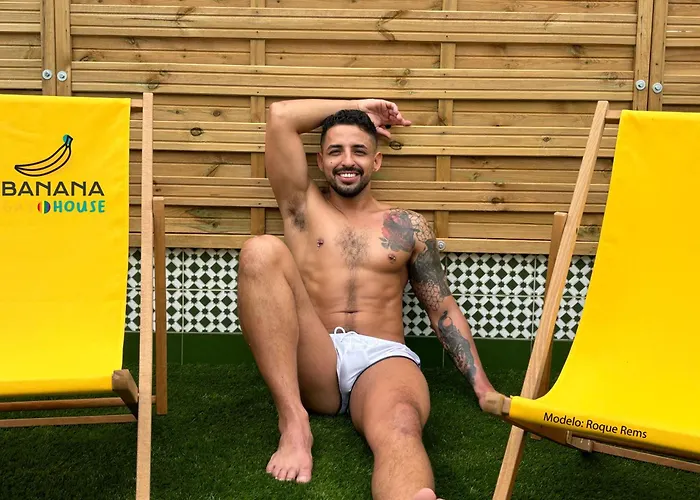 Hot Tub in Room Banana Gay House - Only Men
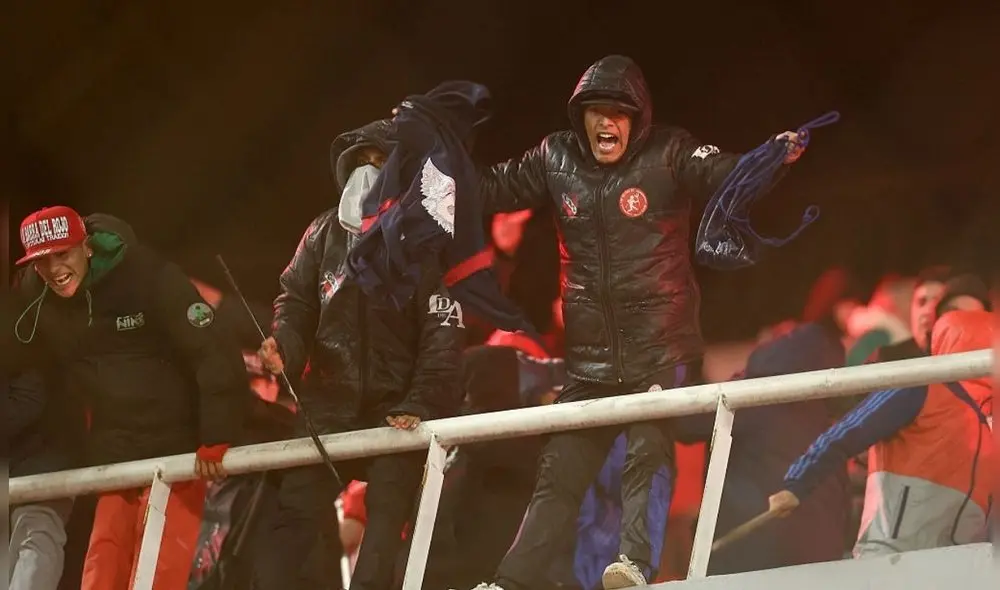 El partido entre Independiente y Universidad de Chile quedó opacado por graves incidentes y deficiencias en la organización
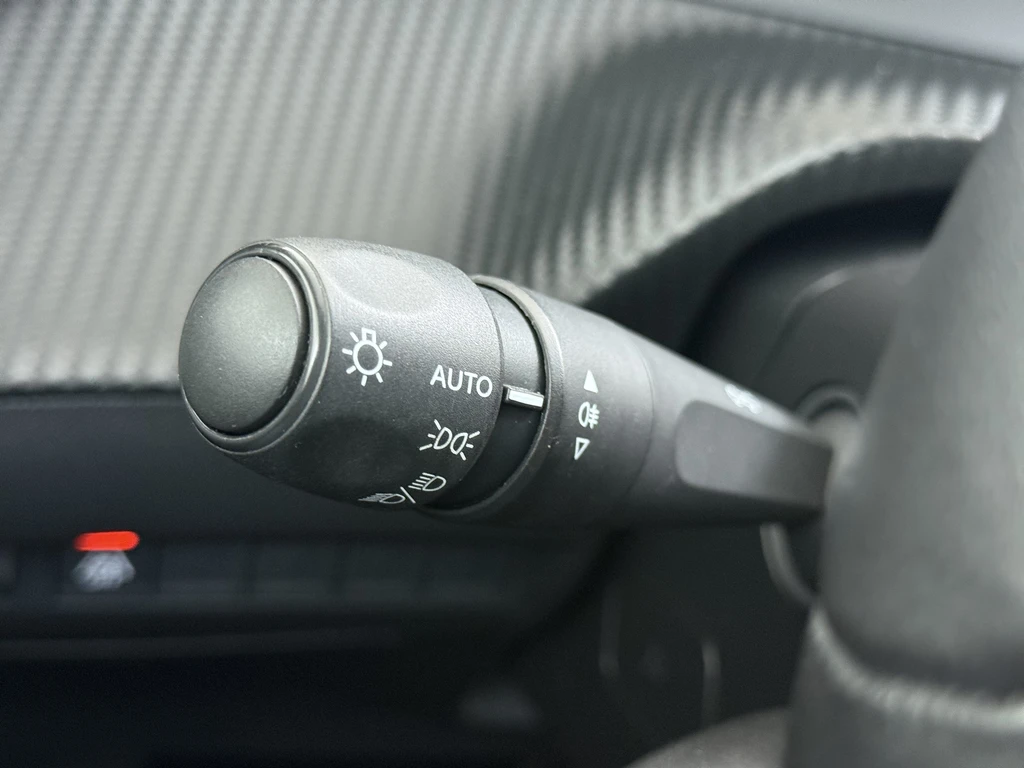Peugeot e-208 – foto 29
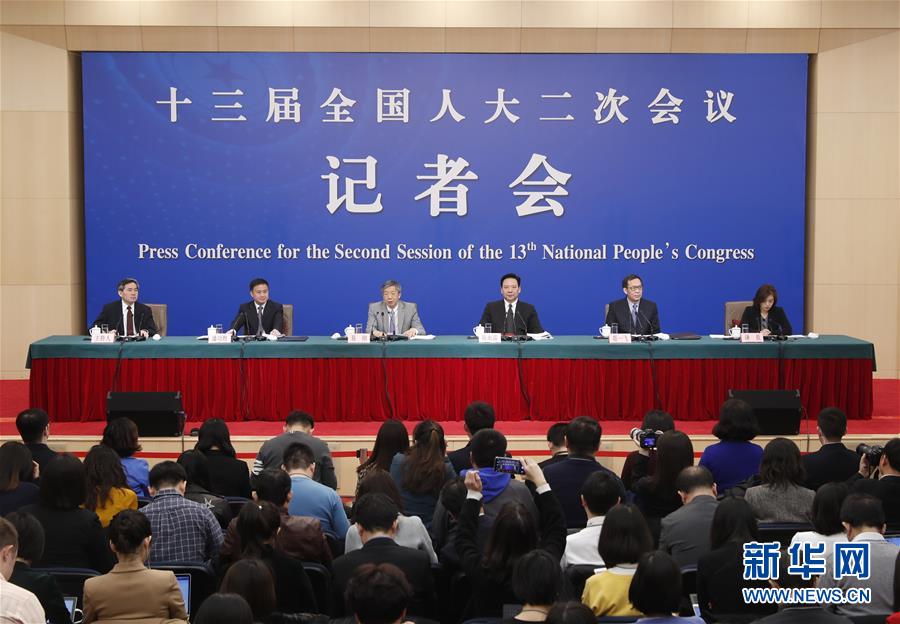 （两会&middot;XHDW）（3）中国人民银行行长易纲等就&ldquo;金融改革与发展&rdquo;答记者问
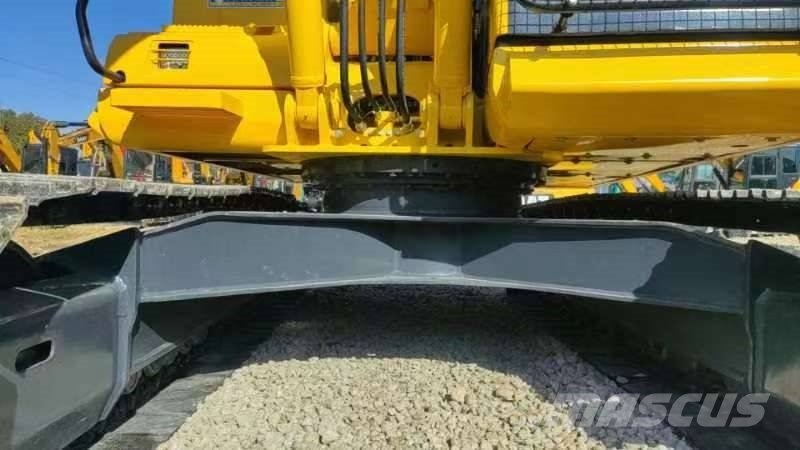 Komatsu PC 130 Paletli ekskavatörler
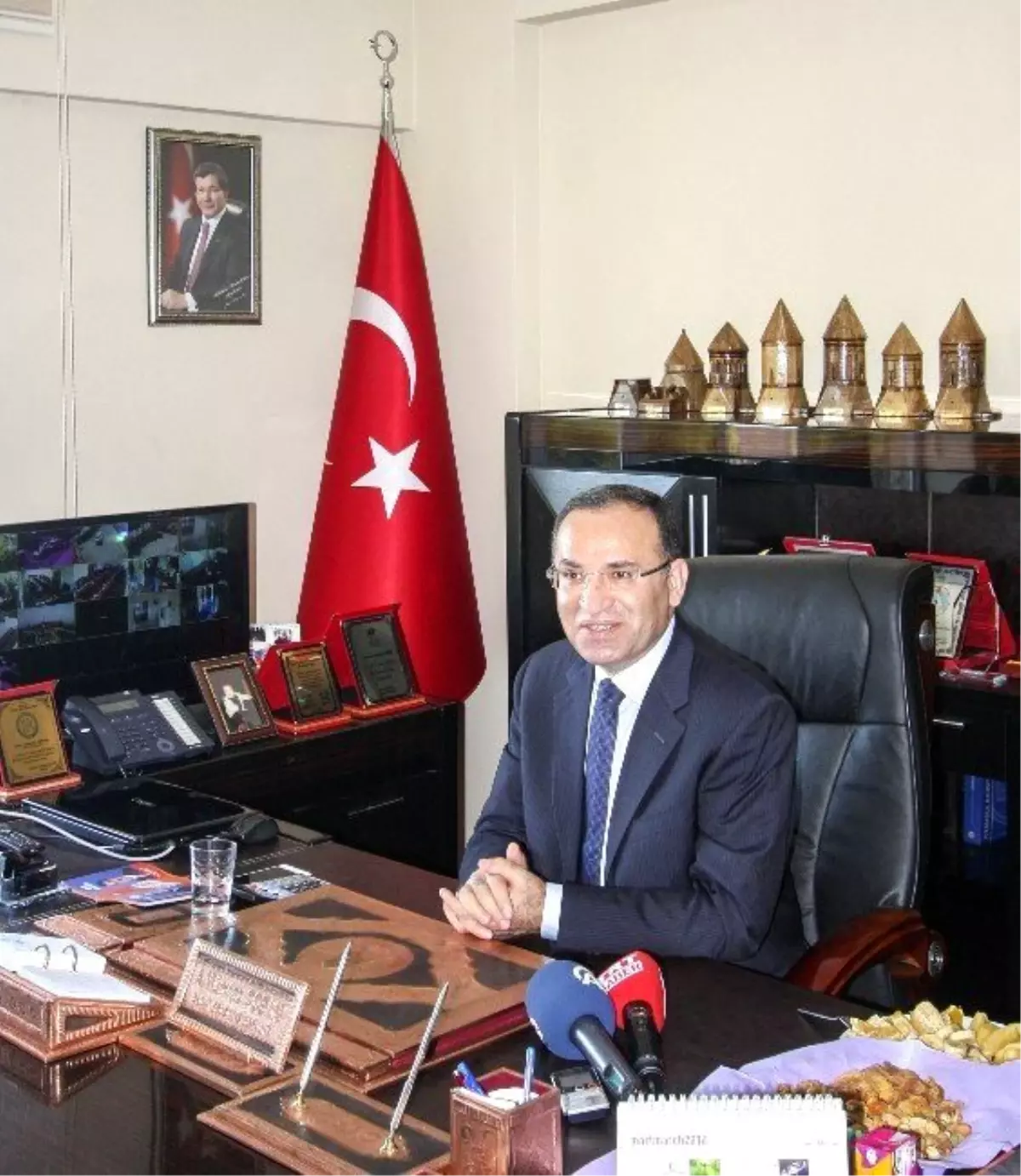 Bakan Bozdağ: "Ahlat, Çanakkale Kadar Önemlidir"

----

ASSIGNMENT ::
Pictures are to be omitted. Output verbatim only the lines from the one holding "Peugeot e-208 – foto 29" through the end of the material, both included.

EXERCISE SOLUTION ::
Peugeot e-208 – foto 29
 （两会&middot;XHDW）（3）中国人民银行行长易纲等就&ldquo;金融改革与发展&rdquo;答记者问
 Komatsu PC 130 Paletli ekskavatörler
 Bakan Bozdağ: "Ahlat, Çanakkale Kadar Önemlidir"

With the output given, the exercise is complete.